The area resembled a desert after huge fires in January 1998. The vegetation has recovered and the burnt areas are dominated by low Asteraceous fynbos. In areas that the fire missed, the fynbos / coastal dune thicket mosaic is much taller and the fynbos is dominated by Metalasia and Agathosma (buchu). Orchids (e.g. Eucornis, Satirium) are a common sight in spring. Without fire the coastal dune thicket, comprising many forest species would become more dominant.
On the trail look out for the butterfly Thysbe’s Copper, that reaches its easternmost limit here. In flight it has a blue hue, but appears orange at rest. Small Grey and Yellow Mongooses may be seen as well as Cape Grysbok. Keep a good look out over the sea for whales. Southern Right Whales are present mainly August – early October, Humpbacks migrate along this stretch of coast between April and early December and can give spectacular displays.

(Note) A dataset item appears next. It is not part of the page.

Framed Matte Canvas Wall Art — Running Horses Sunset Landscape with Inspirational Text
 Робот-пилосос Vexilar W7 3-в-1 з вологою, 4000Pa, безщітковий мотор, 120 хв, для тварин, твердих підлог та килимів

NOTE: Use of the area is entirely at your own risk. 
SWARTKOPS
The use of these walking trails is entirely at your own risk
Aloe Trail Flamingo Trail
ALOE TRAIL
The Aloe trail comprises of two trails one of 2km marked with yellow arrows and a longer one of 7 km (3 hours) marked with red arrows. Both start at a gate at the top of Tippers Creek Road
between Amsterdamhoek and Bluewater Bay . The trail takes a circular route via the escarpment overlooking Amsterdamhoek returning through valley bushveld on the plateau. Amsterdamhoek, is named after a Dutch man-of –war, the Amsterdam, which ran aground near the mouth of the river on 16 December 1817. The walks are suitable for reasonably fit persons, who are advised to walk in a group, wear stout shoes and take a sunhat and drinking-water. NO DOGS are allowed.
The dense, stunted vegetation know n as valley bushveld seen along the trail has adapted to the arid climate combined with the shallow clay soils on top of calcareous sandstone. Aloes, especially A. pluridens, at the start of the trail make a stunning show when in flower during June/July and attract many sunbirds. Views from the top of the escarpment are excellent where the lower reaches of the Zwartkops estuary, a major recreational area can be seen. Estuaries are amongst the most productive ecosystems on earth where saltmarsh vegetation provides food for mudprawn and other invertebrates living in the intertidal mudbanks, these animals inturn provide a food source for birds and fish. There is also a good view upstream to Redhouse, the Zwartkops Nature Reserve, saltpan and beyond to Uitenhage and Cockscomb, the source of the river.
The trail in places follows old game-tracks worn down several centimeters below the level of the surrounding ground, over the centuries, by the passing animals. Note how the removal of the valley bushveld binding the clay slopes caused widespread erosion and also how the vegetation has adapted to withstand the dry conditions, different species storing water in leaves, stems or underground bulbs. Other plants have tough, leathery leaves that do not lose much moisture, and many have thorns to protect them from grazing animals. Grysbok are common, whereas bushpig
and the rare blue duiker are seldom seen. Formerly this bush supported many game animals, including elephant. The only remaining evidence of the presence of these large mammals are well worn game tracks and the old wallows. The trail passes through a series of these wallows which can be seen as bush-free depressions that hold water after good rains.